• **Task statement**
Look below for the line that has "London 12/20 ...". Set down the lines from there through the line that has "Result καρέκλα, Δρυς-μαύρη", exactly as written.

• **Data listing**
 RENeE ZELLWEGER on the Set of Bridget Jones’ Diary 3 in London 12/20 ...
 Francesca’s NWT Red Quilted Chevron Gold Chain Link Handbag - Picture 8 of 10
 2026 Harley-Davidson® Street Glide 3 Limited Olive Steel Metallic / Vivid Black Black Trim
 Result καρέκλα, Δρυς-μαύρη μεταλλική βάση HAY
--
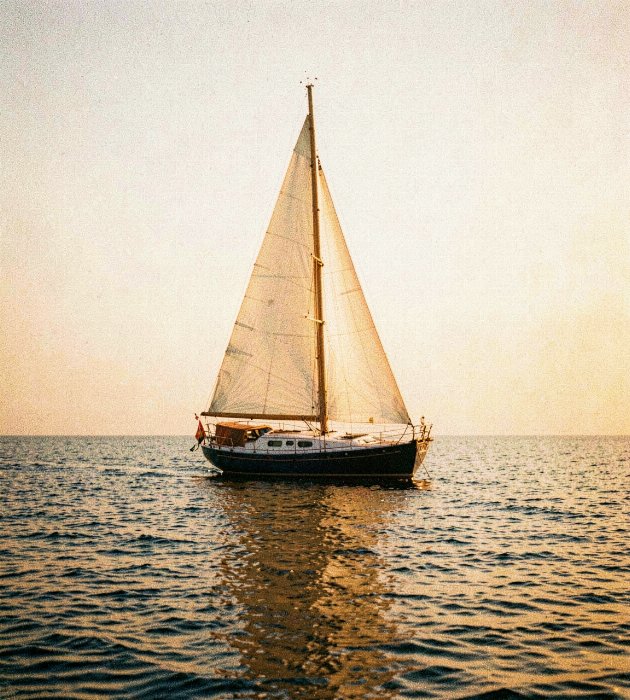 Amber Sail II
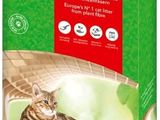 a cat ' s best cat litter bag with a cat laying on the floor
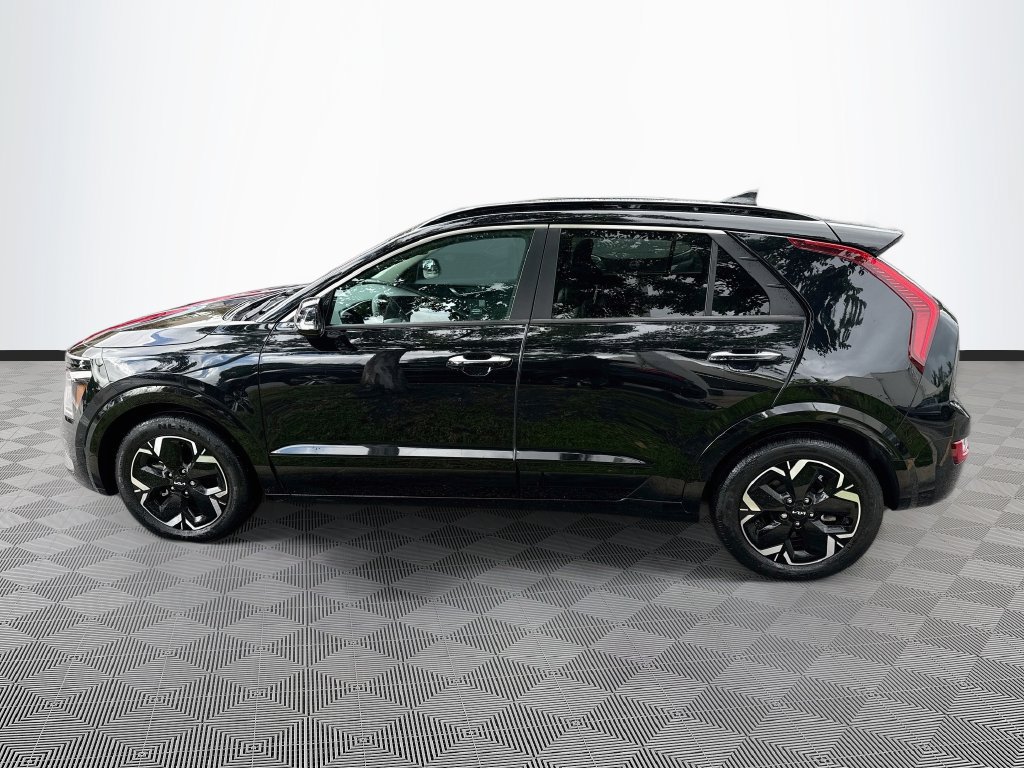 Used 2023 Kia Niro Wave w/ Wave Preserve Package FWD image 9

• **The completed task**
 RENeE ZELLWEGER on the Set of Bridget Jones’ Diary 3 in London 12/20 ...
 Francesca’s NWT Red Quilted Chevron Gold Chain Link Handbag - Picture 8 of 10
 2026 Harley-Davidson® Street Glide 3 Limited Olive Steel Metallic / Vivid Black Black Trim
 Result καρέκλα, Δρυς-μαύρη μεταλλική βάση HAY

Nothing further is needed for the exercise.